New study reveals which states are struggling most

10% of mortgaged homes are underwater

More than 5.5 million US homes are underwater, representing 10.5% of all homes with a mortgage.

ATTOM Data Solutions says that while many of the hottest housing markets have seen the share of underwater homes drop, there are some markets that are still struggling to recover from the financial crisis.

Meanwhile, 24.5% of all US homes with a mortgage are now equity rich, with loans secured on them less than 50% of their estimated market value. The analysis says 13.6 million homes are in this position.

"The share of seriously underwater properties has dropped well below 10% in bellwether housing markets such as California, Washington, Texas, Colorado and New York, but the underwater rate remains stubbornly high in markets where price appreciation has not been as strong during the housing recovery of the last six years," said Daren Blomquist, senior vice president with ATTOM Data Solutions.

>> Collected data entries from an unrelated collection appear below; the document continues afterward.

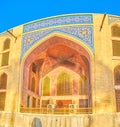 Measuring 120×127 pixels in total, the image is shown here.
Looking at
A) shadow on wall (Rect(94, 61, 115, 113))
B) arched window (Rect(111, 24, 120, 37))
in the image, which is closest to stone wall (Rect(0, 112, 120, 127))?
shadow on wall (Rect(94, 61, 115, 113))

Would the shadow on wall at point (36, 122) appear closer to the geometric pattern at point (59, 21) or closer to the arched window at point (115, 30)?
the geometric pattern at point (59, 21)

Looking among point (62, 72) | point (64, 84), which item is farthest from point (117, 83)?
point (62, 72)

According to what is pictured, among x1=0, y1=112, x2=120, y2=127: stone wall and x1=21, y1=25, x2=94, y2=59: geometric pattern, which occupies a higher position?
x1=21, y1=25, x2=94, y2=59: geometric pattern

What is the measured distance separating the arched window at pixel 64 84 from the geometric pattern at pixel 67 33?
366 cm

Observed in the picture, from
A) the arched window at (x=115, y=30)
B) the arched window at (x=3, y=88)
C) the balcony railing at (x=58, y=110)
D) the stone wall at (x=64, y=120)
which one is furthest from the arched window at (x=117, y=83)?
the arched window at (x=3, y=88)

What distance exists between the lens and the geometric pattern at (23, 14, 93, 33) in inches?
590

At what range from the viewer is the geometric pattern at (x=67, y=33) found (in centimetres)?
1442

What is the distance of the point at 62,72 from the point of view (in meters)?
17.4

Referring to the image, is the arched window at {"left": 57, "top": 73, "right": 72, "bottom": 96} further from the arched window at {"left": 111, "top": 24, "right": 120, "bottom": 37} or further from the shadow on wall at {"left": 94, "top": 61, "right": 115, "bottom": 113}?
the arched window at {"left": 111, "top": 24, "right": 120, "bottom": 37}

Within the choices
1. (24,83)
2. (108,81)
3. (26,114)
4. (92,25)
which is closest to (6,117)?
(26,114)

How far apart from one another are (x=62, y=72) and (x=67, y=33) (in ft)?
12.1

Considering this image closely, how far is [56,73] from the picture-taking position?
17.6m

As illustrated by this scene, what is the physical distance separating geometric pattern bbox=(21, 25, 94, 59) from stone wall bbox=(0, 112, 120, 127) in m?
4.27

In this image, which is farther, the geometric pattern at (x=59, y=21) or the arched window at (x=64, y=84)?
the arched window at (x=64, y=84) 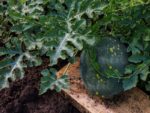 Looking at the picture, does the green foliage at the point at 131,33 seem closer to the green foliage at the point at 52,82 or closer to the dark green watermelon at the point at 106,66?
the dark green watermelon at the point at 106,66

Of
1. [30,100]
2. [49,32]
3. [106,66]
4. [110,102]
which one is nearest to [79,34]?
[49,32]

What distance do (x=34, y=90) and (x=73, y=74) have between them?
27 centimetres

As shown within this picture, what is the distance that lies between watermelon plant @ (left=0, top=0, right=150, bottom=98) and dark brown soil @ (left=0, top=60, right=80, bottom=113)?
0.21m

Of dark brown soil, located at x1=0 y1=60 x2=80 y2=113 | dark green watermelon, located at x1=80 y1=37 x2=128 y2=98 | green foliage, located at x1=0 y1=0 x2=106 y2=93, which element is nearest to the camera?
green foliage, located at x1=0 y1=0 x2=106 y2=93

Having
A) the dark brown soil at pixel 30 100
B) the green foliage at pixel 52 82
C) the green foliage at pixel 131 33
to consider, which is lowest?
the dark brown soil at pixel 30 100

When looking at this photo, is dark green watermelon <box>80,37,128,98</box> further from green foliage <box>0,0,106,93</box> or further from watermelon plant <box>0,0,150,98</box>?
green foliage <box>0,0,106,93</box>

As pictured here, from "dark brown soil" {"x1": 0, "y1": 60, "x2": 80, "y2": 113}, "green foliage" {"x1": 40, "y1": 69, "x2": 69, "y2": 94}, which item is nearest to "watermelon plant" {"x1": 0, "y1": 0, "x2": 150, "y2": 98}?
"green foliage" {"x1": 40, "y1": 69, "x2": 69, "y2": 94}

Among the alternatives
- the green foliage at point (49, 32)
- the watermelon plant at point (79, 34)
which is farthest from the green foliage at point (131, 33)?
the green foliage at point (49, 32)

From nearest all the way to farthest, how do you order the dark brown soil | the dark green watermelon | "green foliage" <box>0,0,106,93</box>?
"green foliage" <box>0,0,106,93</box> → the dark green watermelon → the dark brown soil

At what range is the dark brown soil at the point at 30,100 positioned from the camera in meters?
2.52

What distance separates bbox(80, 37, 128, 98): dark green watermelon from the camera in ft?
7.64

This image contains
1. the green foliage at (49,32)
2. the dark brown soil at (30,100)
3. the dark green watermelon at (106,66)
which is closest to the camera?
the green foliage at (49,32)

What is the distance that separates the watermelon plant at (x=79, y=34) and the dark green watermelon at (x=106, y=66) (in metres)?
0.02

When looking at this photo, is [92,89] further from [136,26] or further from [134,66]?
[136,26] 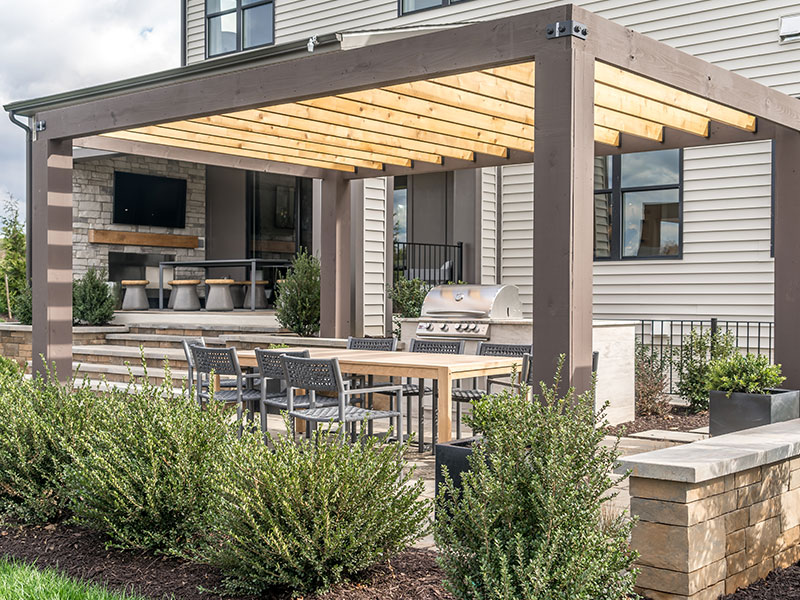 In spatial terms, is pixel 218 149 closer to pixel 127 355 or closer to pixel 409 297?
pixel 409 297

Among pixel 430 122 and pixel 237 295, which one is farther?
pixel 237 295

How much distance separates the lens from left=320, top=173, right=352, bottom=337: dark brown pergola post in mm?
9922

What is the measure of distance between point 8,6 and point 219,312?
5112cm

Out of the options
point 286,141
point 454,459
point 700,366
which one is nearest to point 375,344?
point 286,141

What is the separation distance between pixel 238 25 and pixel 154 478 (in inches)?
500

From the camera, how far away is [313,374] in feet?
19.7

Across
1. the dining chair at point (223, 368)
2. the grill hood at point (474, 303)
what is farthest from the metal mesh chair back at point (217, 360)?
the grill hood at point (474, 303)

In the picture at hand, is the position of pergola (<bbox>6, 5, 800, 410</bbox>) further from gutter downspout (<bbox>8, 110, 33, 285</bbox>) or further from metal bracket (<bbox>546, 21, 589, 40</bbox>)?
gutter downspout (<bbox>8, 110, 33, 285</bbox>)

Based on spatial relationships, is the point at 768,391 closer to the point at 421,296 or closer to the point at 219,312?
the point at 421,296

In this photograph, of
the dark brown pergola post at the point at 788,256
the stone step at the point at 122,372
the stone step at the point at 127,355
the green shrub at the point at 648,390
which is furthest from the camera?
the stone step at the point at 127,355

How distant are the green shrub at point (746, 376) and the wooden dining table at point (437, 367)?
153 centimetres

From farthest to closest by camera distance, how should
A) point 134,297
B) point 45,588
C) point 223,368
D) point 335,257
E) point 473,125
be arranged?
point 134,297 → point 335,257 → point 473,125 → point 223,368 → point 45,588

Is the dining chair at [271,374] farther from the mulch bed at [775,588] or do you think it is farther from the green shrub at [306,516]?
the mulch bed at [775,588]

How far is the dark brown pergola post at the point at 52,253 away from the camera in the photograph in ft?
23.1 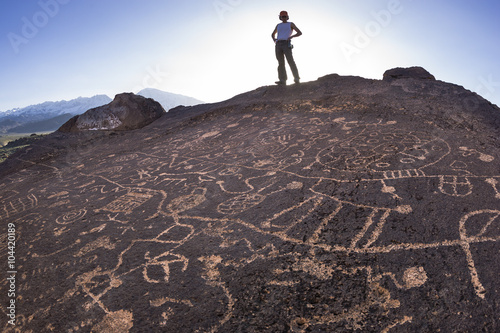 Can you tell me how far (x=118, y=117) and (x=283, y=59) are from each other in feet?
18.1

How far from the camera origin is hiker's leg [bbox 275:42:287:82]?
809 centimetres

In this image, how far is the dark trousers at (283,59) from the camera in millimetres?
7957

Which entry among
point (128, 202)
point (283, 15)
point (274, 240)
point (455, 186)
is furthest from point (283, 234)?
point (283, 15)

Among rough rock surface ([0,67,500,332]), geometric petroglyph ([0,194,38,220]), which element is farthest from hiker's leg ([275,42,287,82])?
geometric petroglyph ([0,194,38,220])

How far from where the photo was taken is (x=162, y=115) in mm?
9883

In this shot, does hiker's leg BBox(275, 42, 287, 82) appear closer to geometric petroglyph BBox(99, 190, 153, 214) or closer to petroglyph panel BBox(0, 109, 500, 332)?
petroglyph panel BBox(0, 109, 500, 332)

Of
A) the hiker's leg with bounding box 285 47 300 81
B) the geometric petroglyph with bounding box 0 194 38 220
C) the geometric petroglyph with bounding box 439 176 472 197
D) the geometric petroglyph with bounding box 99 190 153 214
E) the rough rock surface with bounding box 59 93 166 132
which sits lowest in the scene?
the geometric petroglyph with bounding box 0 194 38 220

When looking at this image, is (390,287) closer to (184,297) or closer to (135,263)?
(184,297)

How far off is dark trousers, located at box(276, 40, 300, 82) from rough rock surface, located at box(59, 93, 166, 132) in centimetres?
449

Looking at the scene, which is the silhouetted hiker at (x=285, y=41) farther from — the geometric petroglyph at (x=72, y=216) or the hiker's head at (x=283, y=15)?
the geometric petroglyph at (x=72, y=216)

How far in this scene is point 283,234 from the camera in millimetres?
2490

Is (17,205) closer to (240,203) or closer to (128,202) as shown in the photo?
(128,202)

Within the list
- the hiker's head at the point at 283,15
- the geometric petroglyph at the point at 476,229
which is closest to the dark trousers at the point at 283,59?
the hiker's head at the point at 283,15

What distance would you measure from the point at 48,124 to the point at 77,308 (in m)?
204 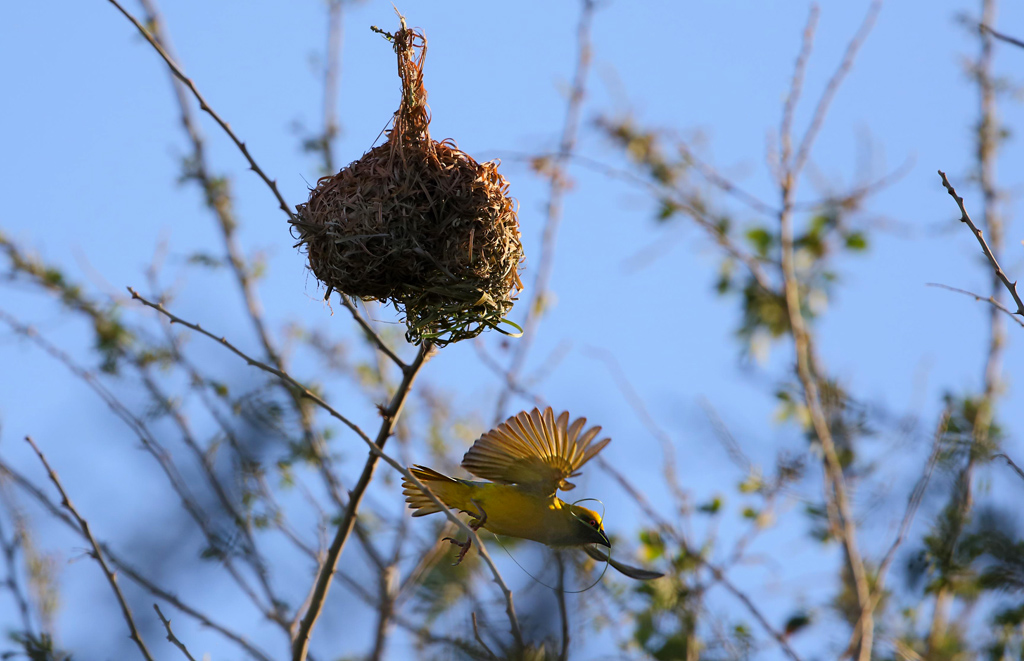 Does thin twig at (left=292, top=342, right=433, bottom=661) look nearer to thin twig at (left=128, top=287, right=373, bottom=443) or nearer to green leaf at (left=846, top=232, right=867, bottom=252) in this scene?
thin twig at (left=128, top=287, right=373, bottom=443)

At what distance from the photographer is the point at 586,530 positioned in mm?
3516

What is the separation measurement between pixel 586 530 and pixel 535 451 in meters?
0.49

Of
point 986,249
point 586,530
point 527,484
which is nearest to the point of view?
point 986,249

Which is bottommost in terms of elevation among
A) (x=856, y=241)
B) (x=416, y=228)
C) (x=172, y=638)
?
(x=172, y=638)

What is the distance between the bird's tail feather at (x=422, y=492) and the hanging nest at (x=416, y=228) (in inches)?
18.2

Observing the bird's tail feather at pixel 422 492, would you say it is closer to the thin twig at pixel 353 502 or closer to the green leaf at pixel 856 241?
the thin twig at pixel 353 502

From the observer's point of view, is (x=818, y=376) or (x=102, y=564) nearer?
(x=102, y=564)

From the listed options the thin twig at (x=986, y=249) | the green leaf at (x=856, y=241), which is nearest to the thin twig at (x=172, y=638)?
the thin twig at (x=986, y=249)

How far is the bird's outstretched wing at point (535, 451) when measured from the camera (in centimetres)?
310

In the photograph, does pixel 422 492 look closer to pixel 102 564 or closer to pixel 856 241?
pixel 102 564

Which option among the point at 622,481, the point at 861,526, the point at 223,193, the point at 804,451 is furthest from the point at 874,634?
the point at 223,193

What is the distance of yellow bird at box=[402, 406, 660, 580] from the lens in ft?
10.2

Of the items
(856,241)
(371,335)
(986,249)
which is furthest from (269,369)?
(856,241)

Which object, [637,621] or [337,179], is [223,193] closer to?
[337,179] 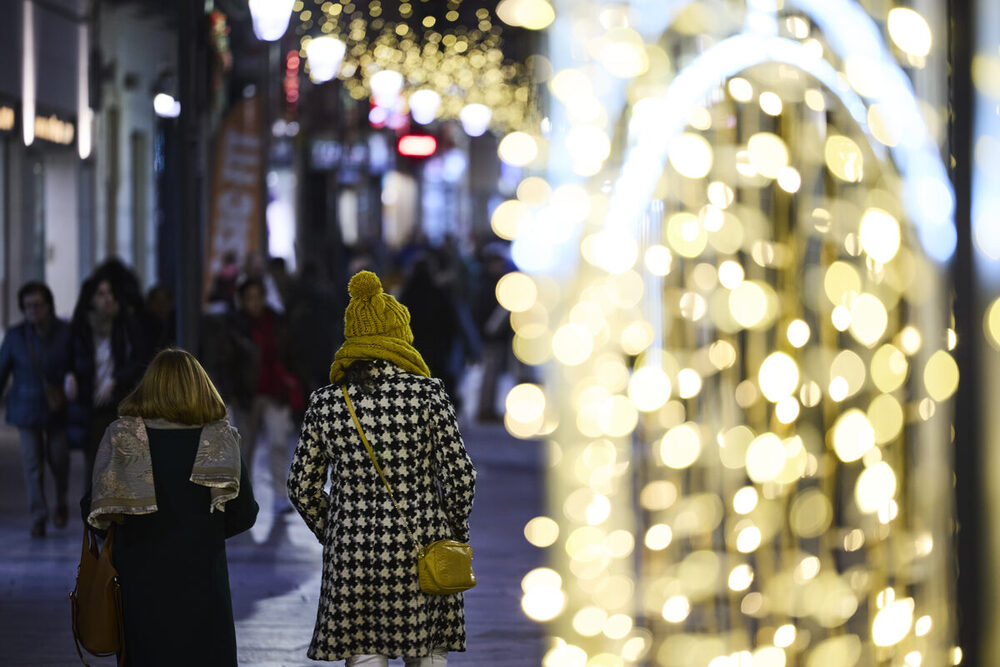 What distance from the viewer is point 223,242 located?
15.1 m

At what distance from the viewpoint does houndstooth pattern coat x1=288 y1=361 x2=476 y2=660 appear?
5059mm

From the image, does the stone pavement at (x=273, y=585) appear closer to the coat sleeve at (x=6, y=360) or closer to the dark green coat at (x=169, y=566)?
the dark green coat at (x=169, y=566)

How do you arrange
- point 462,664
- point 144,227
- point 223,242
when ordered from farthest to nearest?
point 144,227 < point 223,242 < point 462,664

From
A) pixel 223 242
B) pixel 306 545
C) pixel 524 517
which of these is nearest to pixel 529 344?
pixel 223 242

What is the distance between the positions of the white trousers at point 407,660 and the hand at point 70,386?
5808 mm

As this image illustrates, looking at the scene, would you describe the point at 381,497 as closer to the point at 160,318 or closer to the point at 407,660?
the point at 407,660

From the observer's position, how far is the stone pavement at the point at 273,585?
7324 mm

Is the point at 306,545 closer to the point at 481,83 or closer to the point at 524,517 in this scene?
the point at 524,517

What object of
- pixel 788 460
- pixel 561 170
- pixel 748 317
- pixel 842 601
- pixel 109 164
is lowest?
pixel 842 601

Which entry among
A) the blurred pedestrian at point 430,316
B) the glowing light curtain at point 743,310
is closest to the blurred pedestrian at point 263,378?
the blurred pedestrian at point 430,316

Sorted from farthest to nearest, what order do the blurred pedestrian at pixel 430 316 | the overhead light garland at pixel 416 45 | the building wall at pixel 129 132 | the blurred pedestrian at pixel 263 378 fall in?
1. the building wall at pixel 129 132
2. the overhead light garland at pixel 416 45
3. the blurred pedestrian at pixel 430 316
4. the blurred pedestrian at pixel 263 378

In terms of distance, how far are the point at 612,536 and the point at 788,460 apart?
0.75 metres

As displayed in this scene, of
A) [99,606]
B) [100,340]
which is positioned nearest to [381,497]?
[99,606]

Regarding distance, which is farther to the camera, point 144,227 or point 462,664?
point 144,227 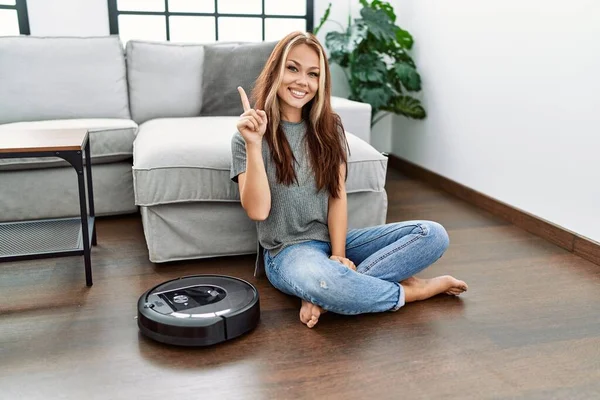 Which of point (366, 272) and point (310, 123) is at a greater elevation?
point (310, 123)

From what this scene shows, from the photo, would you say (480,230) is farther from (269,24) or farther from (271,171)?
(269,24)

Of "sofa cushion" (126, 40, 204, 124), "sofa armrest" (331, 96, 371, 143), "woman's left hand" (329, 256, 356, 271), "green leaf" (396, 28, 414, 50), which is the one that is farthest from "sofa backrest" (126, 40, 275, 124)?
"woman's left hand" (329, 256, 356, 271)

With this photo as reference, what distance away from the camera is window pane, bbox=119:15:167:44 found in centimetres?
341

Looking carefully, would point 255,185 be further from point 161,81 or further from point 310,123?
point 161,81

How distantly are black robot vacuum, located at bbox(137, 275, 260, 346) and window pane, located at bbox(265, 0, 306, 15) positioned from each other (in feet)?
8.17

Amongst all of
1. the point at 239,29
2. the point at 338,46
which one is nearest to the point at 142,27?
the point at 239,29

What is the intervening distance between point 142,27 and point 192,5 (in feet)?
1.12

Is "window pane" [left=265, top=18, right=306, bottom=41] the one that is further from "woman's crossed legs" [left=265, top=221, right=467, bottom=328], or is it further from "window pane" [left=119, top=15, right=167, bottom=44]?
"woman's crossed legs" [left=265, top=221, right=467, bottom=328]

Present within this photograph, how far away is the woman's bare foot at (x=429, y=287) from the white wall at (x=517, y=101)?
0.72 metres

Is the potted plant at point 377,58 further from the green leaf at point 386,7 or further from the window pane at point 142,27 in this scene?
the window pane at point 142,27

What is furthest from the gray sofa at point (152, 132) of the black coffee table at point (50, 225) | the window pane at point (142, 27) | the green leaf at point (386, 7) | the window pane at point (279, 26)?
the green leaf at point (386, 7)

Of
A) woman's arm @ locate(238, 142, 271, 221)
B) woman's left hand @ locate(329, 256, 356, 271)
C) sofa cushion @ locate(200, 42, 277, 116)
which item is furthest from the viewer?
sofa cushion @ locate(200, 42, 277, 116)

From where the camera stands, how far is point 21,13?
3109mm

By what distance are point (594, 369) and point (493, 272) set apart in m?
0.66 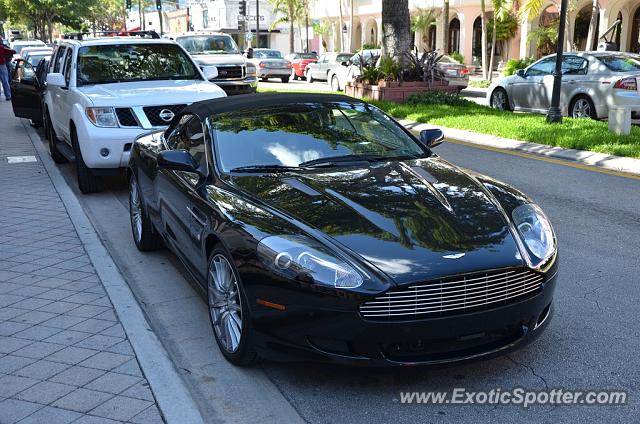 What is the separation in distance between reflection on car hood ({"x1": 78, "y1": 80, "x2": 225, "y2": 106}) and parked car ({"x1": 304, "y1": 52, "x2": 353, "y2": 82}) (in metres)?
24.5

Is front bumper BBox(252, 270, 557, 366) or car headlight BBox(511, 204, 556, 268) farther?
car headlight BBox(511, 204, 556, 268)

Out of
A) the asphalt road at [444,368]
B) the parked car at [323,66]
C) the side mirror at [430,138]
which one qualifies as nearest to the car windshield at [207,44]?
the parked car at [323,66]

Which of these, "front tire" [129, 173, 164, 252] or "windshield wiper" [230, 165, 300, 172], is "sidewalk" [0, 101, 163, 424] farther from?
"windshield wiper" [230, 165, 300, 172]

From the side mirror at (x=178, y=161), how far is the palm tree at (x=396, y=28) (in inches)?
566

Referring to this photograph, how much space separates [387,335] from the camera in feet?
11.3

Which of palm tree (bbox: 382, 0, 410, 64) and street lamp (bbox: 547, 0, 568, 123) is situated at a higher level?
palm tree (bbox: 382, 0, 410, 64)

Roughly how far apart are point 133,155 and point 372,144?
2.69m

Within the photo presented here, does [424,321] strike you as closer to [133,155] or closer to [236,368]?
[236,368]

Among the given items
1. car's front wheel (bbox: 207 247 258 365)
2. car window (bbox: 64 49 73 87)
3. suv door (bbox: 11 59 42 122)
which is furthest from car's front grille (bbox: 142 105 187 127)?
suv door (bbox: 11 59 42 122)

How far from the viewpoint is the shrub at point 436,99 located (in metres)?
17.3

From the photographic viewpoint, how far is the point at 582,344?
4.31m

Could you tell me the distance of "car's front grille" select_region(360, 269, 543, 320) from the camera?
345cm

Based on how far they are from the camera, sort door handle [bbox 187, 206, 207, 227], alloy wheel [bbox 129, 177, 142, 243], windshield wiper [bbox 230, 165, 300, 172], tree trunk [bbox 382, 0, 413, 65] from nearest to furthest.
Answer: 1. door handle [bbox 187, 206, 207, 227]
2. windshield wiper [bbox 230, 165, 300, 172]
3. alloy wheel [bbox 129, 177, 142, 243]
4. tree trunk [bbox 382, 0, 413, 65]

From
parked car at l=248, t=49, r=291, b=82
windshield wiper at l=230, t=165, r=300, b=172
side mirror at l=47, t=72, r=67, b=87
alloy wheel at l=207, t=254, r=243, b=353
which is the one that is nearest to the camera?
alloy wheel at l=207, t=254, r=243, b=353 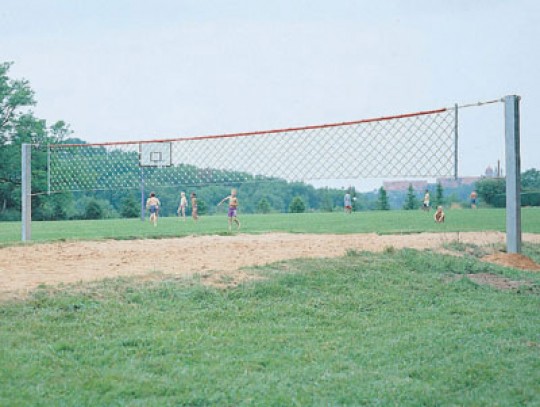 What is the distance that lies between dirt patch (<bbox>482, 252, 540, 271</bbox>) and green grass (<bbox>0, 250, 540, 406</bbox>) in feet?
6.18

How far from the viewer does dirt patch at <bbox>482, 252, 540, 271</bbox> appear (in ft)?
31.3

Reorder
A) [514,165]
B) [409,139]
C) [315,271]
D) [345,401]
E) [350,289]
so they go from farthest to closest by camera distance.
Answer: [409,139]
[514,165]
[315,271]
[350,289]
[345,401]

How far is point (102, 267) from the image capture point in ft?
27.7

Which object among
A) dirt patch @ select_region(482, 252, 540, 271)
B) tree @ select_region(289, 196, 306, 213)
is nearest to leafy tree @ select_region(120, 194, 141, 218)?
Result: tree @ select_region(289, 196, 306, 213)

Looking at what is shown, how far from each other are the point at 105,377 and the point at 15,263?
17.2 feet

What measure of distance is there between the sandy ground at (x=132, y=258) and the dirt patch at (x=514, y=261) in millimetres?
23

The lack of uniformity of recovery across the nation means that, although there are now more than twice as many equity rich homes than those that are seriously underwater, the gap between the two is widening.

Which states have the highest share of underwater homes?
States with the highest share of seriously underwater properties were Louisiana (21.7%); Illinois (18.5%); Missouri (17.8%); Mississippi (16.8%); and Ohio (16.2%).

The metros analyzed with the highest share of seriously underwater properties were Baton Rouge, Louisiana (21.0%); Toledo, Ohio (20.0%); Scranton, Pennsylvania (19.6%); Youngstown, Ohio (19.3%); and New Orleans, Louisiana (18.9%).

Which states have the highest share of equity rich homes?
States with the highest share of equity rich properties were California (43.5%); Hawaii (38.3%); Washington (34.5%); New York (33.2%); and Oregon (32.8%).

The metros with the highest share of equity rich properties were San Jose, California (71.9%); San Francisco, California (60.8%); Los Angeles, California (47.9%); Seattle, Washington (41.1%); and San Diego, California (40.0%).